YOUR ASSIGNMENT:
Write out again, exactly, the lines of the listing below from the first one through the one that contains "اجاره بومگردی سنتی", and no other lines.

WORKING DATA:
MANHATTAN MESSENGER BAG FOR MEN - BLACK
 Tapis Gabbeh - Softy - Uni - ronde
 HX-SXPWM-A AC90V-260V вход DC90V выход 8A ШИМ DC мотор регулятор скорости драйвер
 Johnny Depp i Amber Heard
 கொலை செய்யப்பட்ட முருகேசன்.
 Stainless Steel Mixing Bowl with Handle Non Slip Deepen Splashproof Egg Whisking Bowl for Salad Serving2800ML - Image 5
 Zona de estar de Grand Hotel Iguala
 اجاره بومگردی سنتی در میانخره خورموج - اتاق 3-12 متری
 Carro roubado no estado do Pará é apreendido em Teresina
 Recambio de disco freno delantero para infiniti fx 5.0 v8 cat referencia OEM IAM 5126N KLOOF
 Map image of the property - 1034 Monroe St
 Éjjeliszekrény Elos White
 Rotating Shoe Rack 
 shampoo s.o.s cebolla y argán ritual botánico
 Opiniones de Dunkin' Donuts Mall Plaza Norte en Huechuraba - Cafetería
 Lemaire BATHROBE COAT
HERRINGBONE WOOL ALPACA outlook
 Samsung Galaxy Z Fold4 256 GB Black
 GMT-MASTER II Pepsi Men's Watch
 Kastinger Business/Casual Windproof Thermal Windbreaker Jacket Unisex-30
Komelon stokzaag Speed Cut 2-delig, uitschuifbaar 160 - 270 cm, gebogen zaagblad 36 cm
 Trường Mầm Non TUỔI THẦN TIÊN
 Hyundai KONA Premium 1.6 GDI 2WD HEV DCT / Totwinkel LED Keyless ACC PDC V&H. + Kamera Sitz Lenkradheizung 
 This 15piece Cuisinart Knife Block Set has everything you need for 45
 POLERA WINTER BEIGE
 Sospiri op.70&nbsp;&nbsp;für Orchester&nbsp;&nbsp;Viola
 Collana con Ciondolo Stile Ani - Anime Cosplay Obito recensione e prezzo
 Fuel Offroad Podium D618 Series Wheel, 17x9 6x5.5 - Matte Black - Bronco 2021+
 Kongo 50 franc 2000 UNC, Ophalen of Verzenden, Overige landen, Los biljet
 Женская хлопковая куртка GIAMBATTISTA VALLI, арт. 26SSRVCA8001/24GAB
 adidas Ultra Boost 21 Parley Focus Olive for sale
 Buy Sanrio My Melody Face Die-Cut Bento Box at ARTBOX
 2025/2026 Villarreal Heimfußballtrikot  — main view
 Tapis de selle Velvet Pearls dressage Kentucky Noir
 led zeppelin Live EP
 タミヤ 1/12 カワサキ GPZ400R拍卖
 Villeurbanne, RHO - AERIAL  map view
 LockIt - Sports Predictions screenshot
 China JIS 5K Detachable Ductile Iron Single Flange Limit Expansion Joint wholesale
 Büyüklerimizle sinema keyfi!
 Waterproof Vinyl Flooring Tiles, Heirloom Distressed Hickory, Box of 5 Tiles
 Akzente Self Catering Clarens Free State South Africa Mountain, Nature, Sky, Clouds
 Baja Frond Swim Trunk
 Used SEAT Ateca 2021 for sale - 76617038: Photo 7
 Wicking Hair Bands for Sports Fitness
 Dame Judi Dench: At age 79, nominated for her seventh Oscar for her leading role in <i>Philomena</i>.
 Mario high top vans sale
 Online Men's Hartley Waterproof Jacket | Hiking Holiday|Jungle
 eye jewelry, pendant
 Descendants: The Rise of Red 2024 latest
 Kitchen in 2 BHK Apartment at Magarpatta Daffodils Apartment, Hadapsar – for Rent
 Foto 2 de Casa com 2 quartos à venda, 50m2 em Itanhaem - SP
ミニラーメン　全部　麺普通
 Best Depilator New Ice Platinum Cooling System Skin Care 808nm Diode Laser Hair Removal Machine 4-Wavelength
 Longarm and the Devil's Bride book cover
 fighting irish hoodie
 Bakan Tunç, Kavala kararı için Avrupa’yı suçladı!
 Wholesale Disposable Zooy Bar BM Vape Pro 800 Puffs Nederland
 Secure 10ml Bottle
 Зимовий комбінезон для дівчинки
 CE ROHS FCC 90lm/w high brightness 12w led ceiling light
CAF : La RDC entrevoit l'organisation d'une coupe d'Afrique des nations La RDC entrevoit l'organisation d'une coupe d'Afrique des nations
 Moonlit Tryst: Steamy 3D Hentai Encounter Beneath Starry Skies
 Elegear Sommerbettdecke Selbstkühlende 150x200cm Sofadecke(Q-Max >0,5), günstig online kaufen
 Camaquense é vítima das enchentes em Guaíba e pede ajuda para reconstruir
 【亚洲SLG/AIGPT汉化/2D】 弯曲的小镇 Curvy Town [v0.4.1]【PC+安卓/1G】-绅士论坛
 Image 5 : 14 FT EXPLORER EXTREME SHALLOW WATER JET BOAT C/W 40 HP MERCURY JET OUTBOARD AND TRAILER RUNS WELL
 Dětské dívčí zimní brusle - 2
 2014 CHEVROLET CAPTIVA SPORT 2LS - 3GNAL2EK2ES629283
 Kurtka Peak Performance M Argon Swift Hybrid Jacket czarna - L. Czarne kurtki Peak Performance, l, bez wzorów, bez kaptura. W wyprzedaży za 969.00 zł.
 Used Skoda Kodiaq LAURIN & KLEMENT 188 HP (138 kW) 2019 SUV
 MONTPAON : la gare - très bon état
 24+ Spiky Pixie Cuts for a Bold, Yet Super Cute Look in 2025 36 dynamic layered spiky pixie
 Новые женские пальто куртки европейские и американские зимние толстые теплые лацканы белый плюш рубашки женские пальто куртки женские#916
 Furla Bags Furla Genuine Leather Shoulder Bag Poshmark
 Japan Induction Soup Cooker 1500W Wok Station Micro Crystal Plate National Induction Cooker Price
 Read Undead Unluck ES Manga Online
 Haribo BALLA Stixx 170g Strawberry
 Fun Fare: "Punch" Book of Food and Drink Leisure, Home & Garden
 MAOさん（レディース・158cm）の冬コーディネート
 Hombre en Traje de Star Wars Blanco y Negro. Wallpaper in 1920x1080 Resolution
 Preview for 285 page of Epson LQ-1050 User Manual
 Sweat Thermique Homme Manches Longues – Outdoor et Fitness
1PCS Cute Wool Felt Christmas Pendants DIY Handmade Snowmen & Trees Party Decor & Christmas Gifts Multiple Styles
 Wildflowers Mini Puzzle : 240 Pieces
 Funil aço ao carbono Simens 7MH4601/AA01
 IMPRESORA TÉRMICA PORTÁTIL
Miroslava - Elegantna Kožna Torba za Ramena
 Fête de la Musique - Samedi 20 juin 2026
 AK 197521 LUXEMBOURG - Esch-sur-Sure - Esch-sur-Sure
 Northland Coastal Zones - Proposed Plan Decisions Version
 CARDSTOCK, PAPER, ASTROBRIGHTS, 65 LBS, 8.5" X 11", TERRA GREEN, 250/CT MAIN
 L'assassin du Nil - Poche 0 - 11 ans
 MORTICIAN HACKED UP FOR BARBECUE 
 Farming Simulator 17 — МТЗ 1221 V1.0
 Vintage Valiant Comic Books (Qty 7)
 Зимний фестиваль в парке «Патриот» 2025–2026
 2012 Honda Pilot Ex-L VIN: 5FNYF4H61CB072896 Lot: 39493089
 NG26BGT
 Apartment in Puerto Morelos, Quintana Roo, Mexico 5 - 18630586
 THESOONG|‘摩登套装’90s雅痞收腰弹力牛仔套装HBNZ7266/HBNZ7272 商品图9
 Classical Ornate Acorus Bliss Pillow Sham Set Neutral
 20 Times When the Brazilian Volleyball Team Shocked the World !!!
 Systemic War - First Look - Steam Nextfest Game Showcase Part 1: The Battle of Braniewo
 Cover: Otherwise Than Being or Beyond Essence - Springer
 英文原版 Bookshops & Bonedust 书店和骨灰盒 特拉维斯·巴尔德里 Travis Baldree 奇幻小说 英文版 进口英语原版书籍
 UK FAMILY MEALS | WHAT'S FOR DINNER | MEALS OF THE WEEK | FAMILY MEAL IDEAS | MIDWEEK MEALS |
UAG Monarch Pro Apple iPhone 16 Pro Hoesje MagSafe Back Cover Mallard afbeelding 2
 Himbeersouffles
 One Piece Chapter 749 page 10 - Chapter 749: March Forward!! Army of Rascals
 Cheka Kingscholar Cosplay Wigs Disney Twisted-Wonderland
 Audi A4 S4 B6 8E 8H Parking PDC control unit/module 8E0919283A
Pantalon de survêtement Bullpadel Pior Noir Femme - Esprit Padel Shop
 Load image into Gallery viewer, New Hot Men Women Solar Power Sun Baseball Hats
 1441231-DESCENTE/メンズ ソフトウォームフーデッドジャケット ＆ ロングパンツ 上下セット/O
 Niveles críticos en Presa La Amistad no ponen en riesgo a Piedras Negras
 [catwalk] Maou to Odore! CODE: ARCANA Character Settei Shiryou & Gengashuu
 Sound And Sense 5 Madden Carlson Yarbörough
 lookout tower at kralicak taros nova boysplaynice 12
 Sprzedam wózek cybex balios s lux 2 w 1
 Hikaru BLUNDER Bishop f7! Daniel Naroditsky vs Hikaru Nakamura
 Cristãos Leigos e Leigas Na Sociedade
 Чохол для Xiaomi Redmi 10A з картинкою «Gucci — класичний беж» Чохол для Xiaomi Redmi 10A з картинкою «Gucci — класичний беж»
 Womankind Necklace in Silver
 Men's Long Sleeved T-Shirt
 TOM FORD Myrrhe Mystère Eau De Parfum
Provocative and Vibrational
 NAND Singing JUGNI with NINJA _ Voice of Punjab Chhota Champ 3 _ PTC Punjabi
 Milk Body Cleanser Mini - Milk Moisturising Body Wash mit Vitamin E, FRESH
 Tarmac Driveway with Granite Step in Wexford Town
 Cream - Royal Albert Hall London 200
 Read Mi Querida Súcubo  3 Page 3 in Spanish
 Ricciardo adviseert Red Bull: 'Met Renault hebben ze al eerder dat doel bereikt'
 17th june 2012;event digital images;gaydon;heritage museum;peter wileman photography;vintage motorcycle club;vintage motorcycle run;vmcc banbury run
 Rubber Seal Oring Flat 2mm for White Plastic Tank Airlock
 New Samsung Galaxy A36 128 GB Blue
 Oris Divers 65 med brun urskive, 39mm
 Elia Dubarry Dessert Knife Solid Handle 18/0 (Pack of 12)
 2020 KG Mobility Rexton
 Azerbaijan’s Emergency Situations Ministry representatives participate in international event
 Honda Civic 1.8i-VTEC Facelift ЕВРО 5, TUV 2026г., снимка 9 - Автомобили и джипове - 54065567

TASK RESPONSE:
MANHATTAN MESSENGER BAG FOR MEN - BLACK
 Tapis Gabbeh - Softy - Uni - ronde
 HX-SXPWM-A AC90V-260V вход DC90V выход 8A ШИМ DC мотор регулятор скорости драйвер
 Johnny Depp i Amber Heard
 கொலை செய்யப்பட்ட முருகேசன்.
 Stainless Steel Mixing Bowl with Handle Non Slip Deepen Splashproof Egg Whisking Bowl for Salad Serving2800ML - Image 5
 Zona de estar de Grand Hotel Iguala
 اجاره بومگردی سنتی در میانخره خورموج - اتاق 3-12 متری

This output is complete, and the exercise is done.